Students will demonstrate their ability to die convincingly on stage by playing a game of death tag.
TEXTS AND LITERACIES:
Texts: Their bodies, two video clips Literacies: Letting the students analyze the video clips and form lists to extract meaning from the clips.
MATERIALS:
The clip entitled “SPOILER!!!!!! The Death of Satine” from Youtube (http://www.youtube.com/watch?v=EVpyYXkBM1Y) The clip entitled “Best Death Scene Ever” from Youtube (http://www.youtube.com/watch?v=-EvPvfVOUV8)
HOOK:
First show the students the clip “Best Death Scene Ever” as an introduction to what they will be learning today. Note that this is a funny example of a bad death scene. Ask the students if this is a good or bad death scene and why or why not. Then, show them the clip entitled, “SPOILER!!! The Death of Satine” from the movie Moulin Rouge. Talk about what made this a good death scene and what they felt when watching it.
TEACHING PRESENTATION:
STEP 1—Transition: Now that we’ve seen examples of good and bad death scenes, let’s figure out what we can do as actors to make a death scene great.
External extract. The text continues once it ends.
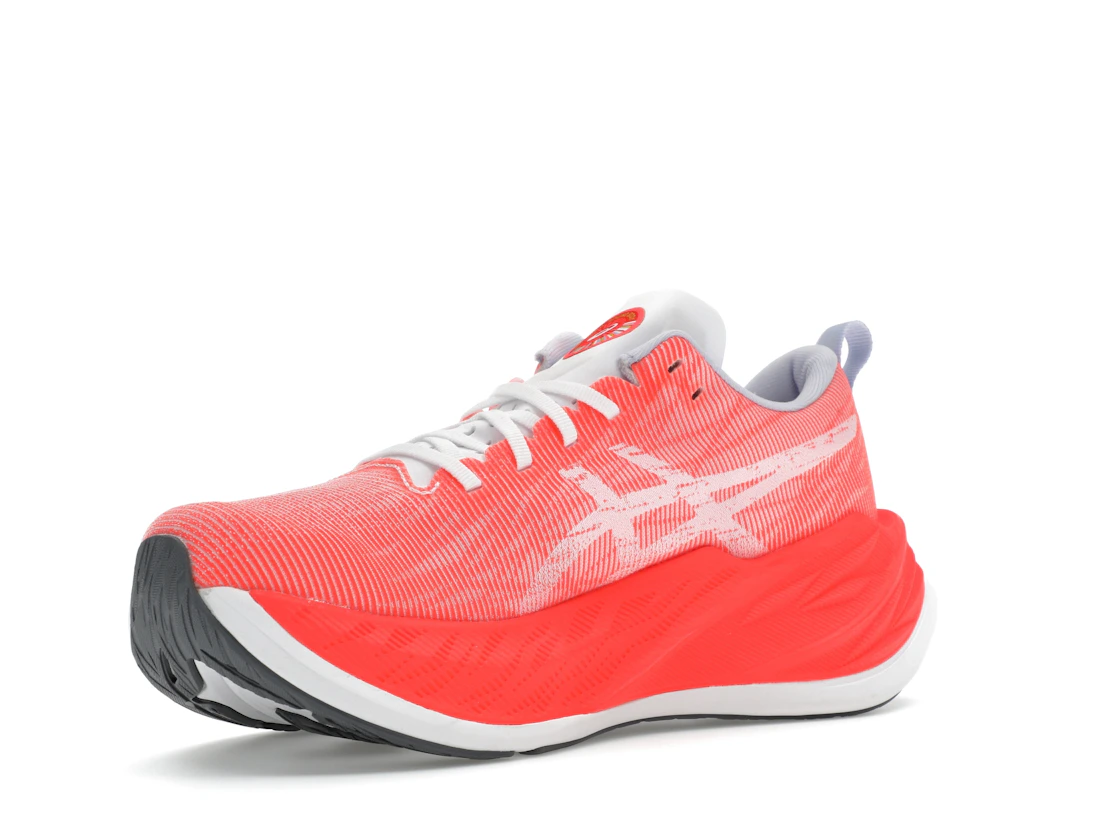 Vue 15 de ASICS Superblast White Sunrise Red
STEP 2—Instruction: Ask the class what they think the actor needs to do or know in order to make a good death scene. Write their answers up on the board. Some good answers would be: -Stay in control and not actually try to die on stage -Know what the cause of their death is -Research how the body dies in that way -Determine if the death is supposed to be fast, slow, funny, or sad -Watch many good death scenes and learn from them -Practice, practice, practice -Determine what the character is thinking right before they die and how that is shown on their face. -Decide what is at stake if the character dies. Determine as a class what the top 5 most important of these are and have them on the board.
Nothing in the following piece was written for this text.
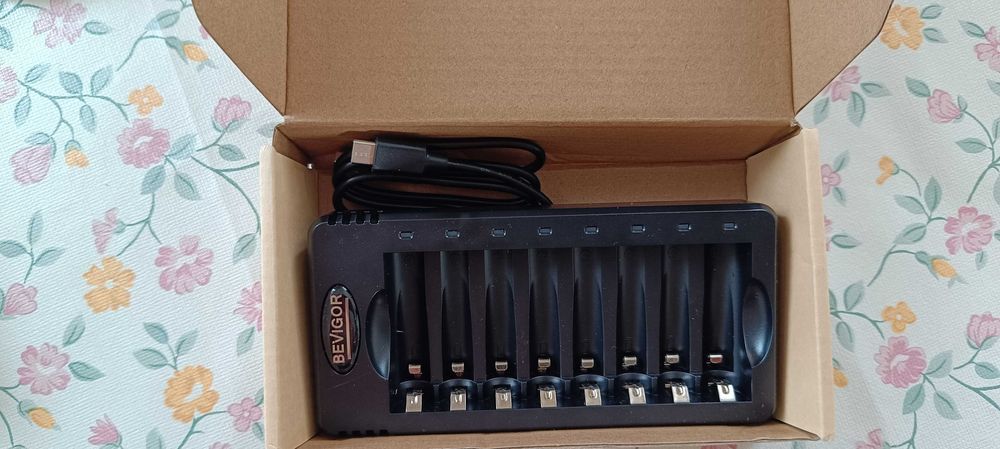 Carregador de pilhas AA e AAA , dá para 8 pilhas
STEP 3—Modeling: Ask for a student volunteer willing to die in front of the class. Ask for suggestions from the class for how he/she will die. Then, ask/do each of the 5 things the class came up with in Step 2 with the student volunteer. Have the student volunteer apply these 5 things and perform their death.
STEP 4—Transition: Now, everybody gets to practice applying these 5 things to on-stage dying.
STEP 5—Guided Practice: Lead the students in a game of death tag. Choose one student to be “it.” Tell the students that if they are tagged, they must immediately die a death that applies all 5 things determined in Step 2. Everyone else will freeze as soon as someone has been tagged and is dying. After the death, the students will quickly vote on whether the death was realistic or not (and if it applied the 5 things), and if the class determined that the death was not realistic and specific, that person is out and the game continues with the teacher calling someone else to be “it.”
STEP 6—Transition: Now that we’ve learned the basics to dying realistically on stage, we need to apply it to our final assessment scenes. Have the students divide up into their final assessment groups.
STEP 7—Guided Practice: Give the students the rest of the class period to apply what they have learned to the deaths in their final assessment scenes. If they have crying and not death in their scene, they can continue practicing crying from the previous lesson. Walk around the room and help where needed to make the dying and crying in their scenes as realistic as possible.
CLOSURE/ASSESSMENT:
Give the students time at the end of class, if possible, to ask any remaining questions they have about dying or the final assessment in general. The assessments for this lesson are informal and are in the form of checks for understanding throughout the activities. A good check will be watching how they are applying the dying techniques to their scenes at the end of class.